# 800 yard data..



## goosefreak (Aug 20, 2009)

I finally made it out to shoot my long range data for a load I finally settled on.

This is 65gr of H1000 
3050 fps average
140gr accubond 

I shot 3 groups at 800 yards and they were all 3.5 inch groups and under!

I think I’ll stick with this load

5 inches low of the bullseye but, I’ll have huskemaw factor that into the new turret..


----------



## KineKilla (Jan 28, 2011)

What caliber?


----------



## goosefreak (Aug 20, 2009)

KineKilla said:


> What caliber?


270WSM 
140 Nosler Accubond 
65gr H1000
3050fps average

A little slow but, I don't care, it's the shot placement that kills, as we all know.
Can't pass up groups like this chasing 100fps


----------



## Springville Shooter (Oct 15, 2010)

Great shooting!————SS


----------



## 35whelen (Jul 3, 2012)

impressive!


----------



## 35whelen (Jul 3, 2012)

is it a custom rifle?


----------



## goosefreak (Aug 20, 2009)

35whelen said:


> is it a custom rifle?


Took a Remington 700 action and barrel 
And put in on a bell&carlson stock
Put a Timney flat blade trigger on it set at 1.5 lbs, bedding job and a crown job with tally rings and a 5x20 huskemaw blue diamond.

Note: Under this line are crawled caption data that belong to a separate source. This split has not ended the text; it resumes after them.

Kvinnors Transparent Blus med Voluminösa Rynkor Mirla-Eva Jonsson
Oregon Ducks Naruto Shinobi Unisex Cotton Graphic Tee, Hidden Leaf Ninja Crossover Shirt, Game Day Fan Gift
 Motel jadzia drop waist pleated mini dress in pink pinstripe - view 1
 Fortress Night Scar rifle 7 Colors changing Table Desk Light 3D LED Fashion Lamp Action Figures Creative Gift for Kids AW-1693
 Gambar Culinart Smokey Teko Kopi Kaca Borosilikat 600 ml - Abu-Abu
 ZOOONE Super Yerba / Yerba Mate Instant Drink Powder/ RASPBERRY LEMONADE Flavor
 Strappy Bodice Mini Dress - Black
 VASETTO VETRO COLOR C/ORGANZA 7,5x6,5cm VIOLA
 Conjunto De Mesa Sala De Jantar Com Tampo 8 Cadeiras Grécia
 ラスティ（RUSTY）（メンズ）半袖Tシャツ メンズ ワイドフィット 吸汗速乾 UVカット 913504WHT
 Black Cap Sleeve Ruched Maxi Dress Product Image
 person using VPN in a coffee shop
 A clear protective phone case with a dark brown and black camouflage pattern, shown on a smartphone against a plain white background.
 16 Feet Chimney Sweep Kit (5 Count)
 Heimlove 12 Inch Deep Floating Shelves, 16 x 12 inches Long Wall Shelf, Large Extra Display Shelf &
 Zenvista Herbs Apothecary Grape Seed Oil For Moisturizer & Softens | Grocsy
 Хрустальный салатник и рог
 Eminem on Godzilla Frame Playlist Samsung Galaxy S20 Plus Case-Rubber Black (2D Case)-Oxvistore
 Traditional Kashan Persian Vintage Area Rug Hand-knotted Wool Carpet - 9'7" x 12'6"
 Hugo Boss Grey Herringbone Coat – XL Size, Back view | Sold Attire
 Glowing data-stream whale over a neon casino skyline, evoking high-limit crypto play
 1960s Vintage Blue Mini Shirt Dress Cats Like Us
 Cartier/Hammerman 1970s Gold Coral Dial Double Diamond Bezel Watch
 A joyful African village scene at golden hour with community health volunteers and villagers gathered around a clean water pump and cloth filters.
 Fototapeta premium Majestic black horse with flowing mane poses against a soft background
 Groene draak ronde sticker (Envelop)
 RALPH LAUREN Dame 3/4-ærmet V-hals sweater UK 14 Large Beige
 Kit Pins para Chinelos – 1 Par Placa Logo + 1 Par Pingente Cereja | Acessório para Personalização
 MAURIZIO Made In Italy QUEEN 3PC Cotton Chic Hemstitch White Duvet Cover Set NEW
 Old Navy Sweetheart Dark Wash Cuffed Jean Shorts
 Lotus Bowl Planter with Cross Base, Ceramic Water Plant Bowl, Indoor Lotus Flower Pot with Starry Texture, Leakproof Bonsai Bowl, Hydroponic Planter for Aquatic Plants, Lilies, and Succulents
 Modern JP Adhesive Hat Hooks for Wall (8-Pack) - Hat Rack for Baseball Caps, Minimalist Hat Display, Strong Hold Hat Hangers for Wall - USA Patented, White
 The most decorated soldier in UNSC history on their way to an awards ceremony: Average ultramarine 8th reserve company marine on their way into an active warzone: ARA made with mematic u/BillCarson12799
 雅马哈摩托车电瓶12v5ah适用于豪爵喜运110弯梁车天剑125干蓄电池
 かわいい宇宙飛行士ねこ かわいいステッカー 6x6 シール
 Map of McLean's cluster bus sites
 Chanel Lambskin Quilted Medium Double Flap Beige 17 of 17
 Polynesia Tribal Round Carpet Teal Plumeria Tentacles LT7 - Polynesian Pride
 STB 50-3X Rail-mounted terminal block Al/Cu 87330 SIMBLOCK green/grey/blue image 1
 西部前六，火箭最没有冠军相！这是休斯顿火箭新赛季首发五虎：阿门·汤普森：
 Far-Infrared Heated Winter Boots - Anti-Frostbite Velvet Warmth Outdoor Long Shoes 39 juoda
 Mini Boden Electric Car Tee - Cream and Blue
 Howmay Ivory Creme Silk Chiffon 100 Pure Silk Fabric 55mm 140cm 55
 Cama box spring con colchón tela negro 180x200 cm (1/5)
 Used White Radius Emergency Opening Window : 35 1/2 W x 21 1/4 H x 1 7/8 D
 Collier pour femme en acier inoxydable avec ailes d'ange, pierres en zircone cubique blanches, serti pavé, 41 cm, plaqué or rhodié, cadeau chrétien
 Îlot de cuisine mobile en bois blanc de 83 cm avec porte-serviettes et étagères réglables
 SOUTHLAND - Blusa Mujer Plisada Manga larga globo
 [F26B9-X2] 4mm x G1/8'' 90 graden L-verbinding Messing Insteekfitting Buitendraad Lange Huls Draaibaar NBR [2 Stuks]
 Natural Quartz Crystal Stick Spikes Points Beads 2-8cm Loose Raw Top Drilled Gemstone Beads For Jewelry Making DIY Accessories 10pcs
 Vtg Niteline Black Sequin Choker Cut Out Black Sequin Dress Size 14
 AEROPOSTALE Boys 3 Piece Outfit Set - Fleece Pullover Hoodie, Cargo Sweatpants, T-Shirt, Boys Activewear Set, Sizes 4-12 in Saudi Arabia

I guess it would be a stock gun with some aftermarket parts and some gun smithing done to it...


----------



## KineKilla (Jan 28, 2011)

So..yes it’s a custom rifle.

Great shooting!


----------



## DUSTY NOGGIN (Feb 27, 2017)

> 270WSM
> 140 Nosler Accubond
> 65gr H1000
> 3050fps average
> ...


got that one dialed in !!


----------



## Longgun (Sep 7, 2007)

Nice! 

How's the velocity spread on them?


----------



## goosefreak (Aug 20, 2009)

Longgun said:


> Nice!
> 
> How's the velocity spread on them?


About 15-20fps variants.. not terrible I think.. I'd have to go look at my chart

I couldn't pass on it, I shot 4 groups like this back to back at 800.
I would shoot a set of 3, then let the barrel cool down until I could no longer feel warmth and then I would shoot again.

I did that with 4 groups and all of them were identical to these two pictures..


----------



## Longgun (Sep 7, 2007)

Cool. That isn't bad at all, id be VERY happy with that too.


----------